* **Short text fragments from websites**:
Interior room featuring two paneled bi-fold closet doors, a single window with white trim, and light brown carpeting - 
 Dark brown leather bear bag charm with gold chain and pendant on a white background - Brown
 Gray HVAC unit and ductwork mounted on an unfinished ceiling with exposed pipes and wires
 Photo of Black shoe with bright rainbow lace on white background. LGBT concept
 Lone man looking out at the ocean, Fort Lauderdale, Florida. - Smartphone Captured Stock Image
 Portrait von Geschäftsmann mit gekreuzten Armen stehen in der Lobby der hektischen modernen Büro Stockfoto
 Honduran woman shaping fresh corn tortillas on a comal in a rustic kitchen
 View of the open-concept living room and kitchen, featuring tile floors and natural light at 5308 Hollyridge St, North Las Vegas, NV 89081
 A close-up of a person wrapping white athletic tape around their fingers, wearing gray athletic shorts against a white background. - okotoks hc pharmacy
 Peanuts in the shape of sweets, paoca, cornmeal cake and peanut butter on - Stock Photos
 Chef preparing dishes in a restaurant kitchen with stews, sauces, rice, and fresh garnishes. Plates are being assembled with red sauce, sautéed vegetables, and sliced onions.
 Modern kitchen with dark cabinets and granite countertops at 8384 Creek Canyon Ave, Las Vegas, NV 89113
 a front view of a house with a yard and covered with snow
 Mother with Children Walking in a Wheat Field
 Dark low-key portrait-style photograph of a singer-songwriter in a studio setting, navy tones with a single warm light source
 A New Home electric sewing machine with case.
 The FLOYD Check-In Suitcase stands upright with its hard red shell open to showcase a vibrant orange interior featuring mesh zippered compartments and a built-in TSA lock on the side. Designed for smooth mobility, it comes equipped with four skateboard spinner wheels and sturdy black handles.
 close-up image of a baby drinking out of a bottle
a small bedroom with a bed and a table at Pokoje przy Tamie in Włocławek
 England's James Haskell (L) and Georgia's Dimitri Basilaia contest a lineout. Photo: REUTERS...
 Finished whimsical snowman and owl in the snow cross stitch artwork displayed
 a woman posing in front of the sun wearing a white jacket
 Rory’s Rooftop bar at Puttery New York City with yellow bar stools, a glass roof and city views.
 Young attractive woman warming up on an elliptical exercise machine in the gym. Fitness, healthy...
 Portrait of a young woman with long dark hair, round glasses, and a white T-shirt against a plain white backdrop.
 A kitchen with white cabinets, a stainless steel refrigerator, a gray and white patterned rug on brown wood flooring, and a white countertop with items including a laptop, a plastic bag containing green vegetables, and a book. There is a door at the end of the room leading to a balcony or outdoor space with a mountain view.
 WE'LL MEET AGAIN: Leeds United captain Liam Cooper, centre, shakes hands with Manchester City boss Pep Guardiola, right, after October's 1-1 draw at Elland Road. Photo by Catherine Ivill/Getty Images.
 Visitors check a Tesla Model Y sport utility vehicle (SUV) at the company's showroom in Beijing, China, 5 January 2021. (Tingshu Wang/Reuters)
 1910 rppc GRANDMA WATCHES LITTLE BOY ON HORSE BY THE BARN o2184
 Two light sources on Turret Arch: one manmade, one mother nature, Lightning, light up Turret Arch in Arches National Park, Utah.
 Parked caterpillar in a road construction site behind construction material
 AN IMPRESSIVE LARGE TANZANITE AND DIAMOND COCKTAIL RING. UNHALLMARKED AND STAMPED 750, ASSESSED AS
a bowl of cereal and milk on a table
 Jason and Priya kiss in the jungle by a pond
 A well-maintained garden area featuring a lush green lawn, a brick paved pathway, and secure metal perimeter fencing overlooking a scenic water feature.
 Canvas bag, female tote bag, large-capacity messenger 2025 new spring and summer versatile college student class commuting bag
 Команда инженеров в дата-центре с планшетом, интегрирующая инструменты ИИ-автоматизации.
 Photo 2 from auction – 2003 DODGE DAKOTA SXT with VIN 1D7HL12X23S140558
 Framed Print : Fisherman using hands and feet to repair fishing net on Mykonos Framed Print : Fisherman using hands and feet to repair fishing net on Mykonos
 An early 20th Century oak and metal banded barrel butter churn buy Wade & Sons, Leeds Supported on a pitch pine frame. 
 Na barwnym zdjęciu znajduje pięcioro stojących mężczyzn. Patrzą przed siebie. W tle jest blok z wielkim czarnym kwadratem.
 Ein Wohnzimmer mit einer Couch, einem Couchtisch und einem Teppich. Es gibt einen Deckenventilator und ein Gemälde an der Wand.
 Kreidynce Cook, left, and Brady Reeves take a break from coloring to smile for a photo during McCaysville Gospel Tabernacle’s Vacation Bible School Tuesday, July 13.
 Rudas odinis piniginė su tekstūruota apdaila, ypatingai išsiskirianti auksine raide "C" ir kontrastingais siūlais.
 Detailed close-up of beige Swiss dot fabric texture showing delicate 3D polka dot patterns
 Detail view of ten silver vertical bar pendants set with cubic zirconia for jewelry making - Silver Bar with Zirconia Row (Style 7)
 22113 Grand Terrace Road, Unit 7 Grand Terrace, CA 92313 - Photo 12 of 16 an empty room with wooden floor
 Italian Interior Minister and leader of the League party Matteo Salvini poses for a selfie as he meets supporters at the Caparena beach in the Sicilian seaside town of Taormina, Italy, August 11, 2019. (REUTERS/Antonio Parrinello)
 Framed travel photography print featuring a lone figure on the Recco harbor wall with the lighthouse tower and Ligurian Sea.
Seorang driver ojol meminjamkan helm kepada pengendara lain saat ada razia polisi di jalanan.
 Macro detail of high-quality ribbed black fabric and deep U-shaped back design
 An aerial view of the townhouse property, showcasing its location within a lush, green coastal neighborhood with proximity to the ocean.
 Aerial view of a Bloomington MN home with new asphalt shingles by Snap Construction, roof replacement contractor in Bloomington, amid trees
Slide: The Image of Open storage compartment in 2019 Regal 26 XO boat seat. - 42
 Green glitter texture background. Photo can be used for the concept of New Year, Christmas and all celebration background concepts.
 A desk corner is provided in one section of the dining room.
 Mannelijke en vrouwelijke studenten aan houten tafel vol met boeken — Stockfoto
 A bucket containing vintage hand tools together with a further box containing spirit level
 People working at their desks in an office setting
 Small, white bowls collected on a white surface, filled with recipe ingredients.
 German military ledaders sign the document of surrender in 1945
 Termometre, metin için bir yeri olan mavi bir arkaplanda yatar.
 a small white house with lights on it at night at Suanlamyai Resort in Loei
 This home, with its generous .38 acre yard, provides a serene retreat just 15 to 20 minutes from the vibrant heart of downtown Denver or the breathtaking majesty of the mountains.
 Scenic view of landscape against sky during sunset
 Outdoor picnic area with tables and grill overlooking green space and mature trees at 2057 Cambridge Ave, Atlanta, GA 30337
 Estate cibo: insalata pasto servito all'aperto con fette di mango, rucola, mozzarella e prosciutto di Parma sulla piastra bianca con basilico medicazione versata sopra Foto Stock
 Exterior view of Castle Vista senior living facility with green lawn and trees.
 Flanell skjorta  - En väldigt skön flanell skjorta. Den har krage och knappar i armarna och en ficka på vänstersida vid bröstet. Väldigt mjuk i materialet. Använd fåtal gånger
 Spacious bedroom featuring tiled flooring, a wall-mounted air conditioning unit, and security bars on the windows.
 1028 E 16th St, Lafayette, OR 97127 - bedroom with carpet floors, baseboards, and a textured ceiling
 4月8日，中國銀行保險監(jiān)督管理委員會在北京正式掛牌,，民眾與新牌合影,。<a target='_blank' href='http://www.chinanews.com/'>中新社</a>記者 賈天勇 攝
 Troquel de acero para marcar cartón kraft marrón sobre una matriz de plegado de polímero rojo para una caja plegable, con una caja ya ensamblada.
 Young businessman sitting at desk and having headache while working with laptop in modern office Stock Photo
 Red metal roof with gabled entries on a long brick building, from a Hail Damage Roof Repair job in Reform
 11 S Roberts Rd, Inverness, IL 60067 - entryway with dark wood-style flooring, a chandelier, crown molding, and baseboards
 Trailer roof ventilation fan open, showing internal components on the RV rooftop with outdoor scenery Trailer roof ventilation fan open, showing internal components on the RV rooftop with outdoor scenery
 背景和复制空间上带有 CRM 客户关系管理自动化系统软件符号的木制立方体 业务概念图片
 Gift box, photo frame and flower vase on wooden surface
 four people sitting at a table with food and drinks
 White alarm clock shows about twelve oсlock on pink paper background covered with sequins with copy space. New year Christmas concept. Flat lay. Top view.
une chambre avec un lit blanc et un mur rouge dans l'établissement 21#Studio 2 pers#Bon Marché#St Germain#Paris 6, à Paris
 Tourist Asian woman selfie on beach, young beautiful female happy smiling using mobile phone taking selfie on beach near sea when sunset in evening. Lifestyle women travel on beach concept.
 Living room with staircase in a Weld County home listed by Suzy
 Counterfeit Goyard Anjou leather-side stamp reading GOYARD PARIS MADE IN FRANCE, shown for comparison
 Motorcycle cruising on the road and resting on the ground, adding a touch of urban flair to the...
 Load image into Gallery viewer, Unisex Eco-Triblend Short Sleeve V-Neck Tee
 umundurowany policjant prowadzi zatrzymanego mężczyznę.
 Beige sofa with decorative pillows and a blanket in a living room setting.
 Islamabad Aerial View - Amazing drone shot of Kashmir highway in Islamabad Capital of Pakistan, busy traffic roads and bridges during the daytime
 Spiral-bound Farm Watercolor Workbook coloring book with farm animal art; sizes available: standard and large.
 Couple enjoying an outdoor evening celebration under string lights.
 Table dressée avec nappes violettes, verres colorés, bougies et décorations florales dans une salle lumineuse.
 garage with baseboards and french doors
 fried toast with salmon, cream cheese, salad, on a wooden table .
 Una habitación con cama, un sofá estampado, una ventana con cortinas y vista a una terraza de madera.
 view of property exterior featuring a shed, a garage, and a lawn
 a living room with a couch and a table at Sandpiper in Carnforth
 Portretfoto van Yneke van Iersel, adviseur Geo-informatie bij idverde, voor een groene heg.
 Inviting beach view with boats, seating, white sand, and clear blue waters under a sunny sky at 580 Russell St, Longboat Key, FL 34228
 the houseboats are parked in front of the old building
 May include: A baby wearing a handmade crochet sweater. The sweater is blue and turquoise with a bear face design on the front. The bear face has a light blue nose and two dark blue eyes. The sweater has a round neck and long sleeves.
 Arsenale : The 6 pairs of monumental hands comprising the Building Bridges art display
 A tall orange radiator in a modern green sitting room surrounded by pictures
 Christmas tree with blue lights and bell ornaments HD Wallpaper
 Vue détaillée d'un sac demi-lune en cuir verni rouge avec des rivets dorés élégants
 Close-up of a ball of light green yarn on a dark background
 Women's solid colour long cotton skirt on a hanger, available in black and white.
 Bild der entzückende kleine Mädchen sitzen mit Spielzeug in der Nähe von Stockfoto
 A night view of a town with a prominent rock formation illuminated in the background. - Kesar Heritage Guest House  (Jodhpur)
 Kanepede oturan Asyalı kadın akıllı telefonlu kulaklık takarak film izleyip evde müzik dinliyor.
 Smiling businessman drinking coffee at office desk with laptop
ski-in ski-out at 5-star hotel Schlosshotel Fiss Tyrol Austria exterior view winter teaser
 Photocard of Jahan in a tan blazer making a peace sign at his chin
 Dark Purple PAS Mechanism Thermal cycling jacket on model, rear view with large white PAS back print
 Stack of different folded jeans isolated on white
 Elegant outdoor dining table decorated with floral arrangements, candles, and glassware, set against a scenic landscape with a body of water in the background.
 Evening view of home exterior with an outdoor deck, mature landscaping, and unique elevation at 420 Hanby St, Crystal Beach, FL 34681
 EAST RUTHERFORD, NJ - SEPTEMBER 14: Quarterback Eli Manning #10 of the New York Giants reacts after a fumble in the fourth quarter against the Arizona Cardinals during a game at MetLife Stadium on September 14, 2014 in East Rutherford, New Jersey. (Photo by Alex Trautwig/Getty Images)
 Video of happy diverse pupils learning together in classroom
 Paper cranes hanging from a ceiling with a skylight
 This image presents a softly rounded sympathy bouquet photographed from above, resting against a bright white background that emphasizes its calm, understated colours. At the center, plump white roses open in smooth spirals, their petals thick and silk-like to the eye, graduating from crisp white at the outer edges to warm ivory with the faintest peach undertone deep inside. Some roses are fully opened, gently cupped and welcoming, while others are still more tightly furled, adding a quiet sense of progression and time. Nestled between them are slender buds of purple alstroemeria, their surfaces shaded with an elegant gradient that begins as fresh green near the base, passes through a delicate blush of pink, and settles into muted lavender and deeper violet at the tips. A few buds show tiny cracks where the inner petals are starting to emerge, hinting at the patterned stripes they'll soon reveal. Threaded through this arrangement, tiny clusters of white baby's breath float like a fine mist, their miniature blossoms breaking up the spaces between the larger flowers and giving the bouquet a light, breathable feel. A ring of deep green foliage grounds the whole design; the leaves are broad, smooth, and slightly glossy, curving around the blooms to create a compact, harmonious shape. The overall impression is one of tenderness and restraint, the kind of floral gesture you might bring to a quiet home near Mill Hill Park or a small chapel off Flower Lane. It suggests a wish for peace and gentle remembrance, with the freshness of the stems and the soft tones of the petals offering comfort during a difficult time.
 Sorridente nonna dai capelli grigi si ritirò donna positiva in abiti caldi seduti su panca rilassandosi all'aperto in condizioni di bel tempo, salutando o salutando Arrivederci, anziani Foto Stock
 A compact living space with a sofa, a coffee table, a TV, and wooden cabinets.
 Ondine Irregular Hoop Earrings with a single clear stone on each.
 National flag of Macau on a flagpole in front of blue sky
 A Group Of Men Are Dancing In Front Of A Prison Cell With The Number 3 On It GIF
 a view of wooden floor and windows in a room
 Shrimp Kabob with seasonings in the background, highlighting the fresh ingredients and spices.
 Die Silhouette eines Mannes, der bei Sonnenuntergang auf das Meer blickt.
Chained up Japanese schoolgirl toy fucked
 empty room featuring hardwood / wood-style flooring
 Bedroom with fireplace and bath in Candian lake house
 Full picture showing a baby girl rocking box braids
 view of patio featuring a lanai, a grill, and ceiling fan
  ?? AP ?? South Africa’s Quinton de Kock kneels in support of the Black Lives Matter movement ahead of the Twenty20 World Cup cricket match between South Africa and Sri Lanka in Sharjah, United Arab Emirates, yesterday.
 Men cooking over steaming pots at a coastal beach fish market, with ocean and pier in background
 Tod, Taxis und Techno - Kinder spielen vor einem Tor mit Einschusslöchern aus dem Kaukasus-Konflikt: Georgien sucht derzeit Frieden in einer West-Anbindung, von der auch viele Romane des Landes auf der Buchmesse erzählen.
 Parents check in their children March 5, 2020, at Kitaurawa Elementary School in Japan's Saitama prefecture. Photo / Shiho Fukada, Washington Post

* **TASK TO COMPLETE**:
Repeat the entries above exactly, from the first line through the line containing "Portrait von Geschäftsmann".

* **TASK SOLUTION**:
Interior room featuring two paneled bi-fold closet doors, a single window with white trim, and light brown carpeting - 
 Dark brown leather bear bag charm with gold chain and pendant on a white background - Brown
 Gray HVAC unit and ductwork mounted on an unfinished ceiling with exposed pipes and wires
 Photo of Black shoe with bright rainbow lace on white background. LGBT concept
 Lone man looking out at the ocean, Fort Lauderdale, Florida. - Smartphone Captured Stock Image
 Portrait von Geschäftsmann mit gekreuzten Armen stehen in der Lobby der hektischen modernen Büro Stockfoto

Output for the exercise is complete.